Kentucky Route Zero

Ich habe den Hund Homer genannt. Ich hätte ihn auch Blue nennen können, aber für mich machte er mehr den Eindruck, eine Mischung aus griechischem Poet und amerikanischer Zeichentrickfigur zu sein. Homer ist ein dürrer, müder Köter und trägt einen Hut. Er begleitete mich durch den ersten von fünf Akten des Point’n’Click-Adventures Kentucky Route Zero.

Aus der Asche der 2013er IGF-Nominierungen emporgestiegen, präsentieren Entwickler Jake Elliott und Tamas Kemenczy ein visuelles wie inhaltliches Kleinod. Auf meinem alten Laptop schoben sich die Figuren zwar nur träge über den Bildschirm, aber das tat dem Spielerlebnis keinen Abbruch, denn so konnte ich die schwer in Worte zu fassenden Szenerien länger betrachten und in mich aufsaugen.

Als LKW-Fahrer Conway bin ich auf den Highways von Kentucky unterwegs. Zusammen mit meinem treuen Begleiter Homer strande ich an einer Tankstelle und Frage nach dem Weg. Der nette Tankwart will zunächst wissen, wie mein Hund heißt und dirigiert mich anschließend in guter alter Adventuremanier in den Keller, um den Strom einzuschalten, damit ich seinen Computer benutzen kann, in dem schließlich die gewünschte Routenbeschreibung abgespeichert ist. Mein Ziel ist Dogwood Drive und der einzige Weg dorthin führt über die geheimnisvolle Route Zero …

Mehr möchte ich nicht über die Geschichte verraten, denn hier liegt der Kern des gesamten Spiels verborgen. Ich könnte euch auch gar nicht viel mehr erzählen, weil ich nicht genau weiß, was all die rätselhaften Begegnungen und Ereignisse zu bedeuten haben. Als erster Akt einer fünfteiligen Serie werden nur Fragen aufgeworfen und keine davon beantwortet. Ist das Erlebte real? Warum schieben zwei Männer ein Propellerflugzeug über die Landstraße und wieso verschwinden Figuren gerne mal von einem Moment auf den anderen? Eins ist aber verdammt sicher: Meine Neugierde ist geweckt.

Stellt euch vor, David Lynch würde an einem seiner ruhigen Tage ein Adventuregame entwerfen — und ihr wisst ungefähr, mit welcher Atmosphäre Kentucky Route Zero aufwartet. Neben einer minimalistischen, aber sehr effektiven Musikuntermalung sticht natürlich die Optik besonders hervor. Ohne sie wäre das Spiel nur halb so interessant. Auch hier ist die Devise: weniger ist mehr und dieses Mehr ist an vielen Stellen atemberaubend. Klare Linien, große einfarbige Flächen und wenige Lichtquellen an der richtigen Stelle zaubern ein dichtes Panorama auf den Bildschirm. Dazu noch einige kreative Übergänge von Szenenbild zu Szenenbild und der Indie-Feingeist in mir jubelt jauchzend auf.

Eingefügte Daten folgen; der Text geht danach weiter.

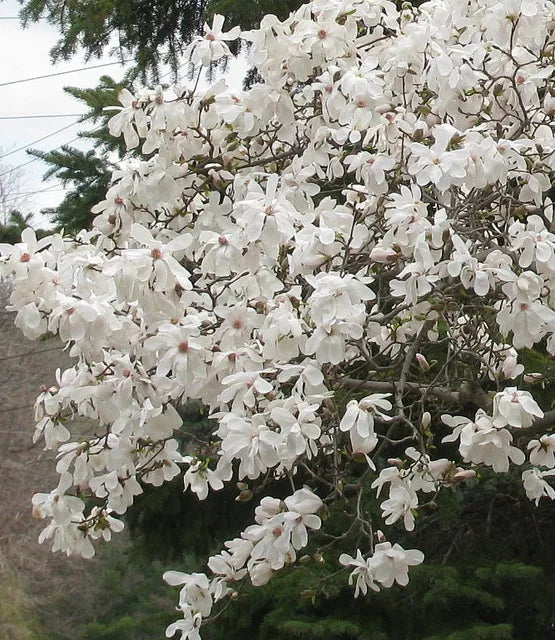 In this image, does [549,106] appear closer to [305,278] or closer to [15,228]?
[305,278]

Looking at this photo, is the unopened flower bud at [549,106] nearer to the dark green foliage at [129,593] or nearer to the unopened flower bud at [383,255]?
the unopened flower bud at [383,255]

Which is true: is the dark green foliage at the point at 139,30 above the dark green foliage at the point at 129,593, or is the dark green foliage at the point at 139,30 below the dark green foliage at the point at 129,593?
above

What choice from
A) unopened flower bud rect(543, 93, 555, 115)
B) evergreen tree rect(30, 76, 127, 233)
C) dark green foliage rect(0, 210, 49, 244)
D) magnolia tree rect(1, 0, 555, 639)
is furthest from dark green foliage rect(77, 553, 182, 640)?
unopened flower bud rect(543, 93, 555, 115)

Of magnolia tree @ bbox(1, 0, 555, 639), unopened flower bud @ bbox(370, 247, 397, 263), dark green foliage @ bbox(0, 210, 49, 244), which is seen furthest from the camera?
dark green foliage @ bbox(0, 210, 49, 244)

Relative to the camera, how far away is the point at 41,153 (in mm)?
5180

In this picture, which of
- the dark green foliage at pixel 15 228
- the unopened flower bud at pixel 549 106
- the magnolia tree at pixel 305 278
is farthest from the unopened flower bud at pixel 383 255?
the dark green foliage at pixel 15 228

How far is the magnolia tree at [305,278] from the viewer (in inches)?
72.2

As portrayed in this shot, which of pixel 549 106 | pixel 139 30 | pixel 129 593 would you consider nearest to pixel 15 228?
pixel 139 30

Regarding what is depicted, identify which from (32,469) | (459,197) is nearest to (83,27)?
(459,197)

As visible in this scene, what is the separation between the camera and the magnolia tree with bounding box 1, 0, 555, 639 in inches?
72.2

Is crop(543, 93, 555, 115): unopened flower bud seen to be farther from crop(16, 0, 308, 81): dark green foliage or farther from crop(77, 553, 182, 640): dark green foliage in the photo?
crop(77, 553, 182, 640): dark green foliage

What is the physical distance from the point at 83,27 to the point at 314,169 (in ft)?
11.6

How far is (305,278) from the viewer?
185 cm

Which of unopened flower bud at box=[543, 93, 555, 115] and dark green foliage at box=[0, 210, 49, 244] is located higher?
unopened flower bud at box=[543, 93, 555, 115] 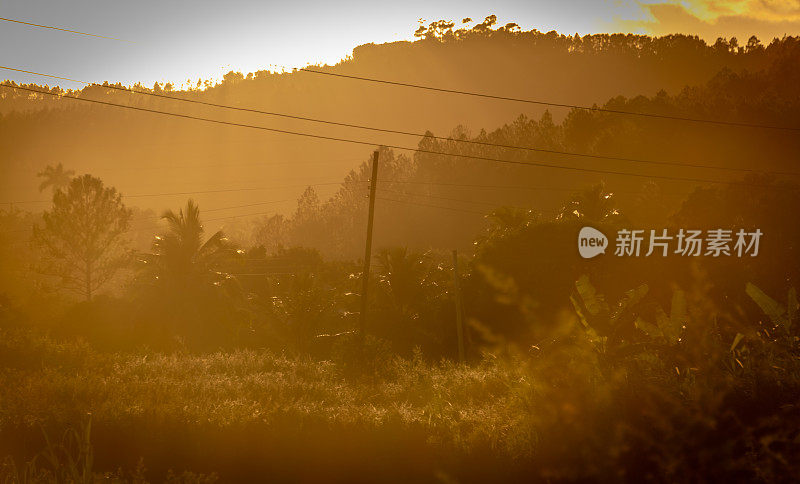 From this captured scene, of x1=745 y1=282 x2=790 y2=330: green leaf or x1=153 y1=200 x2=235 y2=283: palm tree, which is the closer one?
x1=745 y1=282 x2=790 y2=330: green leaf

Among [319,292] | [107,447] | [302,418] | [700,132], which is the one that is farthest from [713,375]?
[700,132]

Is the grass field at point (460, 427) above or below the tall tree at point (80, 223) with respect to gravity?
below

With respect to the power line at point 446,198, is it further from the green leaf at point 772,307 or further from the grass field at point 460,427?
the green leaf at point 772,307

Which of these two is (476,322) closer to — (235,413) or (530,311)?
(530,311)

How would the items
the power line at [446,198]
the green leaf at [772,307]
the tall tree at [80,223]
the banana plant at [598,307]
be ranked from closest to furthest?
the green leaf at [772,307] → the banana plant at [598,307] → the tall tree at [80,223] → the power line at [446,198]

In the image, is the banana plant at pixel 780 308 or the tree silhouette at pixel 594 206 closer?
the banana plant at pixel 780 308

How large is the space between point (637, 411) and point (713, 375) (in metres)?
1.46

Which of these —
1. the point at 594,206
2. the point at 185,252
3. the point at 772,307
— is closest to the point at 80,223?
the point at 185,252

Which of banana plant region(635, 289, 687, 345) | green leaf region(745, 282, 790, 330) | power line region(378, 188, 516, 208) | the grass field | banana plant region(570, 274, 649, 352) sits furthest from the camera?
power line region(378, 188, 516, 208)

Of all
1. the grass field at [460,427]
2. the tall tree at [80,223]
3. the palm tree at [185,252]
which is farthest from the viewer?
the tall tree at [80,223]

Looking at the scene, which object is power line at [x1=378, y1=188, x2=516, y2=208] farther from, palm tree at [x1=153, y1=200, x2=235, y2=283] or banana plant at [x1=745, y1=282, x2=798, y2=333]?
banana plant at [x1=745, y1=282, x2=798, y2=333]

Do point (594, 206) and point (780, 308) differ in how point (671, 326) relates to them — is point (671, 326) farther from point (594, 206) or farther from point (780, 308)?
point (594, 206)

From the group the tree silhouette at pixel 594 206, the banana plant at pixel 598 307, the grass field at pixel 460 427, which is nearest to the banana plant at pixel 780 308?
the grass field at pixel 460 427

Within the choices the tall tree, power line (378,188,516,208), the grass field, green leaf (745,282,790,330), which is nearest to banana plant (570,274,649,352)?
the grass field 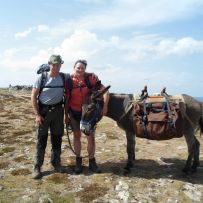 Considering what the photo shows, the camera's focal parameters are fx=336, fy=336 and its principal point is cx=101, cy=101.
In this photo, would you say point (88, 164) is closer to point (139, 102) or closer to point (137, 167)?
point (137, 167)

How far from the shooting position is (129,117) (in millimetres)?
11359

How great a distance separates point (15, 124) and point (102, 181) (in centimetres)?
1158

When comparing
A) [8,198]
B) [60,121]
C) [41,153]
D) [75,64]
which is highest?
[75,64]

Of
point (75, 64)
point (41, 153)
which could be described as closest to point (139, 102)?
point (75, 64)

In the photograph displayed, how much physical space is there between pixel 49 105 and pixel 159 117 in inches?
140

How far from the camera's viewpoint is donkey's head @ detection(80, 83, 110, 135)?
411 inches

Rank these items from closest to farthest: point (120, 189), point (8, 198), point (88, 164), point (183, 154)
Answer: point (8, 198)
point (120, 189)
point (88, 164)
point (183, 154)

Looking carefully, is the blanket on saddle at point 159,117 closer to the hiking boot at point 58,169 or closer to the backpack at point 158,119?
the backpack at point 158,119

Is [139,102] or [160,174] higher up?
[139,102]

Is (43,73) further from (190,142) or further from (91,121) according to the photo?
(190,142)

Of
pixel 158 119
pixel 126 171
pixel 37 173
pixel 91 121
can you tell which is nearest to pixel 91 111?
pixel 91 121

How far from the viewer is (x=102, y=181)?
10.5 metres

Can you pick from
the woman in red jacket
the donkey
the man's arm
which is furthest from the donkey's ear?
the man's arm

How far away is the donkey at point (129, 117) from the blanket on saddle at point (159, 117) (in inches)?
11.6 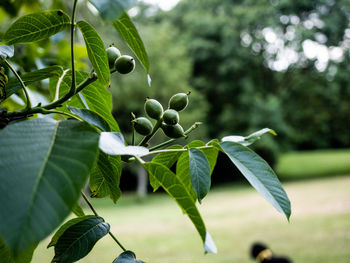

Die Entwicklung von Kentucky Route Zero wurde durch eine erfolgreiche Kickstarter-Kampagne initiiert, welche moderate $8.500 einbrachte. Nach einem angepeilten Veröffentlichungstermin im Herbst 2011 erschien der erste Akt mit leichter Verspätung Anfang 2013. Die weiteren Teile sollen in einem Abstand von je zwei bis drei Monaten folgen. Ich sehne ihnen in fiebriger Erwartung entgegen.